Radian6 could be very useful for SEO, using Social Media for backlinks, even when they are “no follow” links (which isn’t always the case, btw) – by helping the SEO person identify the right pages to the get the links from.

Getting back to another feature of Radian6 that I mentioned above, the you can add keywords to a list, and then use them for Topic Analysis or Topic Trends Widgets, where this process of adding keywords used to manual, for each widget (and painful) – here’s that this looks like.

To end this long, long post of mine – there’s  a lot to like about Radian6 and it seems to be getting better, and justifying the cost for many firms, as long as you use it as part of a strategy, and you know what your doing and want to accomplish.

Which gets me on my last point – the work it takes to reach out to people – to identify those individuals you want to reach out to.

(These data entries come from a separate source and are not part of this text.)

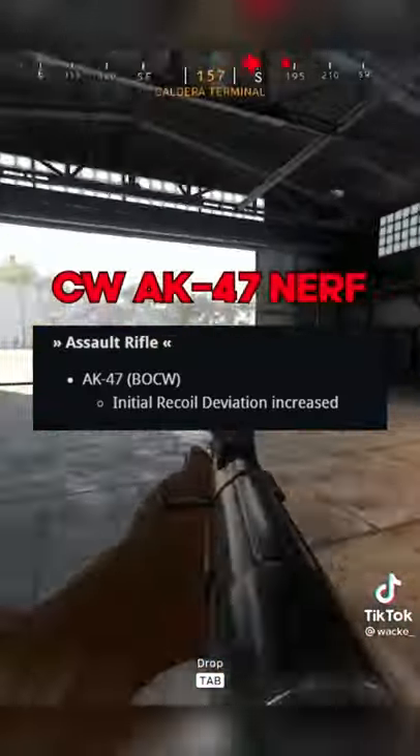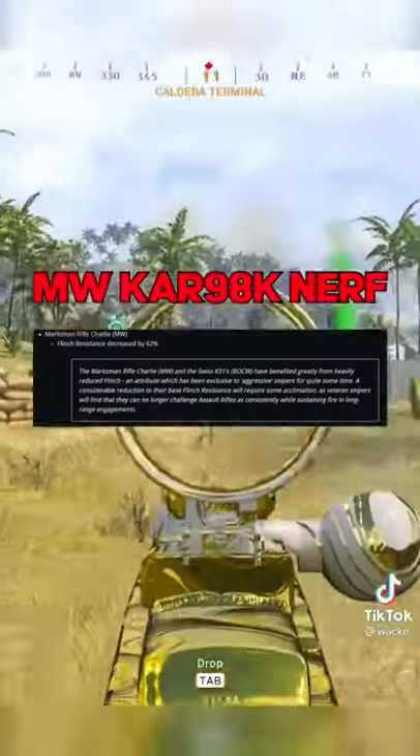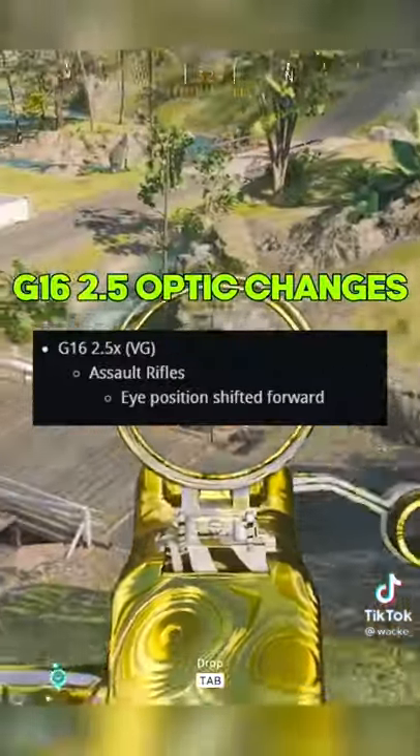The Cold War AK-47 was nerfed. The EM-2 was nerfed. Both the Swiss and the Modern Warfare Kar98 were nerfed heavily. The OTS-9 and the Cold War MP5 were both nerfed. And the G16 2.5 optic was adjusted.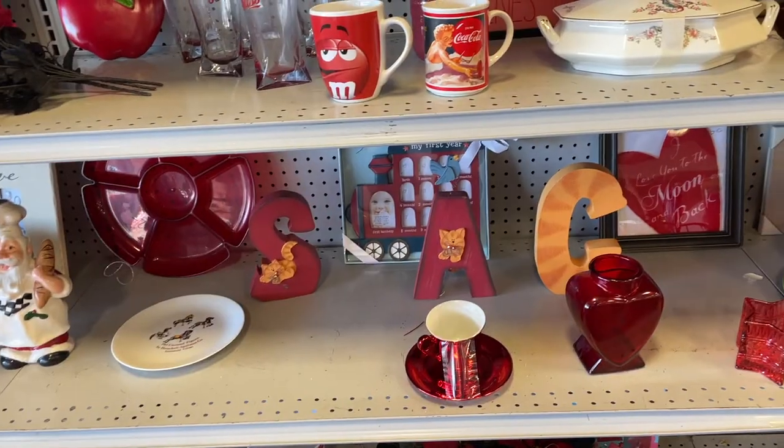Look at this guy — he's a resin piece, probably made in China. I paid four dollars for him. Not a lot of value, but he's so striking. On my mid-century shelving area of the shop he'll pop out and grab somebody's attention quickly. At $18 or $20 that'll be a quick sale — he's just really cool looking.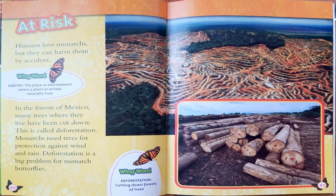At Risk. Humans love monarchs, but they can harm them by accident. In the forests of Mexico, many trees where they live have been cut down — this is called deforestation. Monarchs need trees for protection against wind and rain. Deforestation is a big problem for monarchs. Wing words — habitat: the place or environment where a plant or animal naturally lives. Deforestation: cutting down forests of trees.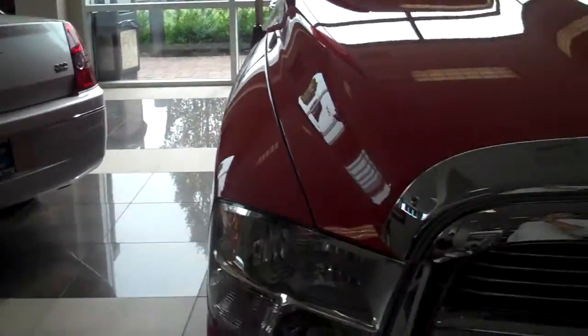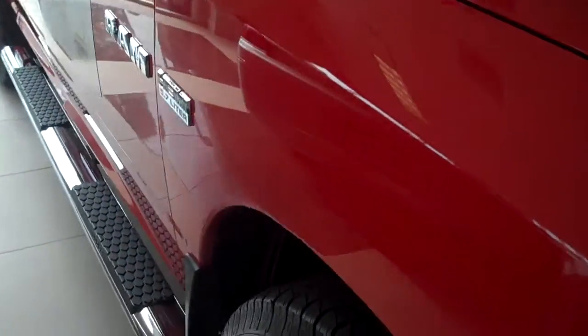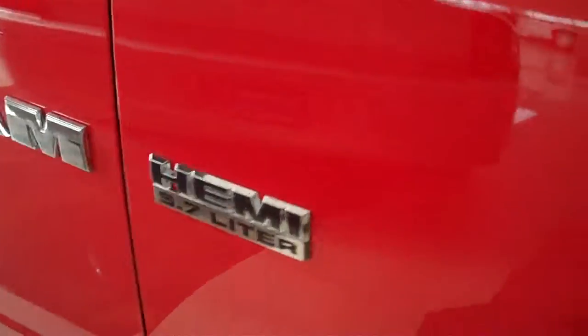Hi, it's Kevin here at Westbury Jeep. Today I'm here with the 2010 Dodge Ram, voted Motor Trend Truck of the Year. Here is our flame red Dodge Ram 1500.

One thing is becoming more and more obvious – and it can’t be ignored – that Radian6, or any tool with similar intentions – to identify information that is meaningful to your business or cause – has to be sifted through – processed, understood (by you) and responded to – and the Social CRM aspects that are being added with SalesForce and being confirmed, by WebTrends, certainly do help with the task of storing and structuring the data – they don’t really address the nagging question of … do I need to hire people to do this kind of work?

The answer is, Yes, and you need to pay them well.   Here’s why (one more “rant” of mine, before I sign off)

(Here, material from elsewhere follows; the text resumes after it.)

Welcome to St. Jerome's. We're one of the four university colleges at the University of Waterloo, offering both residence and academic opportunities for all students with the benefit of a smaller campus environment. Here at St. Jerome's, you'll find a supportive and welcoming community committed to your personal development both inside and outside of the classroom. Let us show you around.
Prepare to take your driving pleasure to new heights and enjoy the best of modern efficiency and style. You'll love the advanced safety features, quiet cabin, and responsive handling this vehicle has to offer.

We know that all this “Social Media” content is now being created, much of it “worthless” but parts of it valuable – and as more people engage in Social Media – more and more content is created – at an ever increasing rate – we know we need to “engage ” with that data, but only a human mind can truly analyze it and intelligently respond, and even if we end up inventing positronic brains (like Data, in Star Trek, The Next Generation), we will never be able to replace the human element of what makes communication satisfying and neccessary.

Because we can now sift through the data – we need the right people to understand what to with it – how to build relationships from it – the tools are rapidly maturing – but the human element is atrophying in that, in many cases, we forget to make the effort to reach out and listen.

We need to have insight and wisdom in the use of these tools – experimentation, perhaps making some mistakes, breaking a few plates, so to speak – to learn valuable lessons on how to approach and engage people.   But having said that – you need to sift though this data, and it’s massive – and you need people, good people, great people, and the right strategy to do it.

That’s what I plan on focusing – perhaps the next incarnation of  ”me”, of Webmetricsguru, to be one of the people who figures that out, who “gets it”.

Social CRM is useless without Heart, Compassion and Understanding.